Bon à savoir sur Manon Lescaut
Ce récit bref et dépouillé (appartenant aux Mémoires d’un Homme de qualité) fut publié séparément à partir de 1753. Un chef-d’œuvre dans la mesure où il est liée à son auteur et à son époque ainsi qu’à sa valeur humaine.
I. TÉMOIGNAGE INTIME
Prévost a mis dans cet ouvrage beaucoup de lui-même. Comme Prévost, des Grieux s’enfuit du séminaire, succombe aisément aux tentations sans renier toutefois sa formation morale et religieuse. Mais il a transposé son drame personnel et il est difficile de démêler la part de fiction et de réalité. Cependant, du point de vue psychologique, l’ouvrage contient de nombreux éléments autobiographiques.
II. ROMAN DE MŒURS
Prévost restitue un milieu social immoral et corrompu, caractéristique de l’époque, qui n‘est pas sana rapport avec Les Liaisons dangereuses de la fin du siècle. Mano et des Grieux vivent parmi des êtres dénués de tous principes, sans aucun sens du bien et du mal. Leur seule raison de vivre est le plaisir. Le plaisir coûte cher, il faut donc se procurer de l’argent par tous les moyens. Des Grieux subit progressivement l’influence de Manon et le lecteur assiste à sa déchéance progressive et consciente.
III. VALEUR HUMAINE
Il s’agit, en dépit de tout, d’une histoire d’amour : élan de deux jeunes gens et passion. On croit même à l’amour sincère de Manon, malgré ses infidélités. Certes, Manon est frivole, certes des Grieux est faible ; et pourtant, cette passion garde une sorte d’innocence : elle est instinctive, naturelle et vraie.
1/ Passion fatale
Fatale aux deux sens du terme : la passion apparaît comme un entraînement irrésistible et transforme sur-le-champ l’être qu’elle envahit (cf. scène de première vue entre Manon et des Grieux) ; ensuite parque qu’elle conduit les deux amants à leur perte. Des Grieux s’écrie : « Par quelle fatalité suis-je devenu criminel ? L’amour est une passion innocente ; comment s’est-il changé, pour moi, en une source de misères et de désordres ? »
2/ Portée morale
Prévost affirme que son roman pout servir à l’instruction des mœurs : « Le public verra dans la conduite de M. des Grieux un exemple terrible de la force des passions. J’ai à peindre un jeune aveugle qui refuse d’être heureux pour se précipiter volontairement dans les dernières infortunes... ; qui prévoit ses malheurs sans vouloir les éviter ; qui les sent et qui en est accablé sans profiter des remèdes qu’on lui offre sans cesse... » Cette impuissance à triompher de la passion rappelle les héros de Racine. Selon Paul Hazard, Manon Lescaut est d’inspiration janséniste : la Providence interviendrait dans l‘action et, pour avoir confié toutes ses espérances à un amour trop humain, des Grieux se verrait condamnée à demeurer à jamais insatisfait. Ceci dit, on est frappé par l’immoralisme des personnages et, en même temps, de ce charme que garde Manon en dépit de ses défauts. Peut-on croire dans ce cas à une revendication en faveur de la nature et de l’instinct contre les contraintes, y compris la loi morale ?

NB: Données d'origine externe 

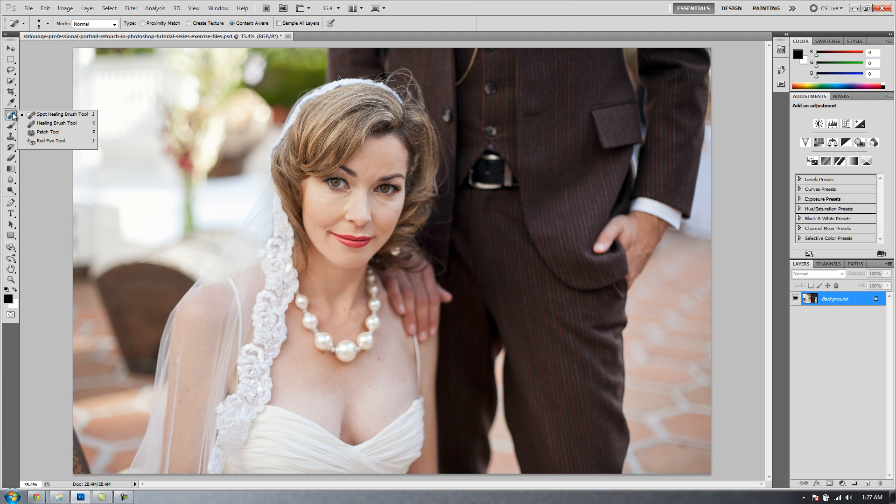Now going into the Healing Brush tools, they all work basically the same way. Each one of these will take an area of image, your sample area, and use that sample information to replace the target information, which is the area that you're writing over. It does that by creating a little blend or transition in that target area using that sampled information.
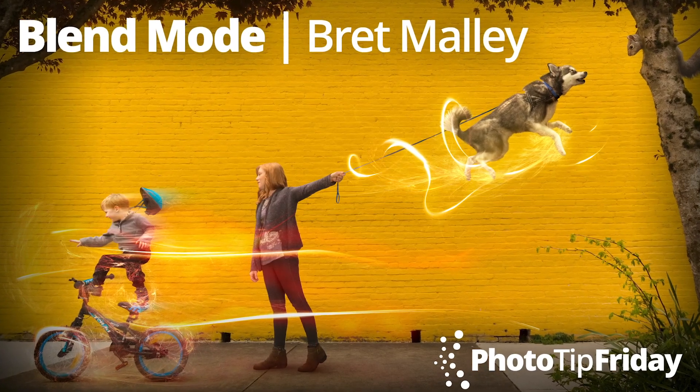Welcome to Photo Tip Friday. My name is Brett Malley. I'm going to show you two cool tips for whenever you're doing any kind of compositing.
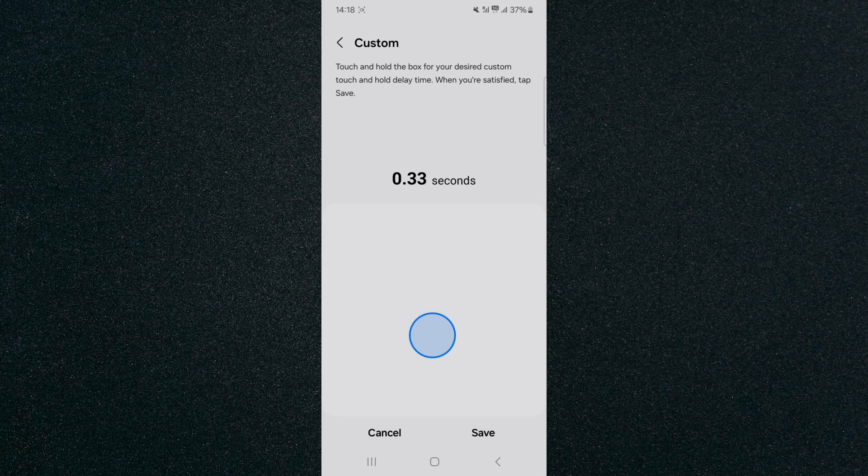And that's pretty much it. That's how to change touch and hold delay on Android. If you have any questions, please let me know down in the comments below and I'll do my best to help you out.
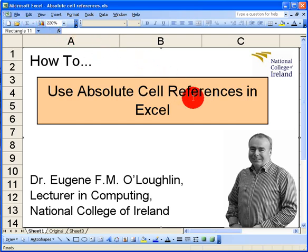Hi everybody, this is Eugene O'Loughlin of the National College of Ireland and in this short video I want to show you how to use absolute cell referencing in Excel.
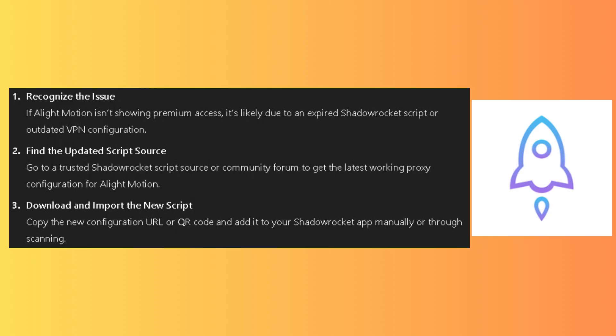Recognize the issue. If AlightMotion isn't showing premium access, it's likely due to an expired Shadow Rocket script or an outdated VPN configuration.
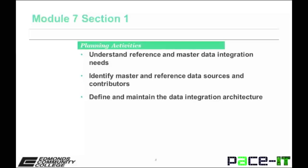These are some of the planning activities described in DAMA: one, to understand reference and master data integration needs; two, to identify master and reference data sources and contributors; and three, define and maintain the data integration architecture.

Thèse ou non, Prévost n’a pas écrit un livre moralisateur mais, selon la tradition des moralistes français, il présente une peinture fidèle de la réalité psychologique, sans complaisance : tel est le meilleur enseignement moral de la littérature.
3/ Classicisme et romantisme
L’élément autobiographique et la description de la passion fatale invitent à considérer l’ouvrage comme une œuvre préromantique : cf. l’apologie de la passion par Rousseau dans La Nouvelle Héloïse puis par les romantiques. Pourtant, l’œuvre reste classique : la passion y est analysée. Prévost ne la réhabilite pas mais constate lucidement son pouvoir et ses ravages. En outre, Prévost ne recherche pas le pittoresque : certes, la fin du roman nous transporte en Amérique mais sans aucune notation exotique (cf. la mort de Manon). Quant au style, il reste sobre, dépouillé, précis, naturel : l’émotion reste discrète et contenue.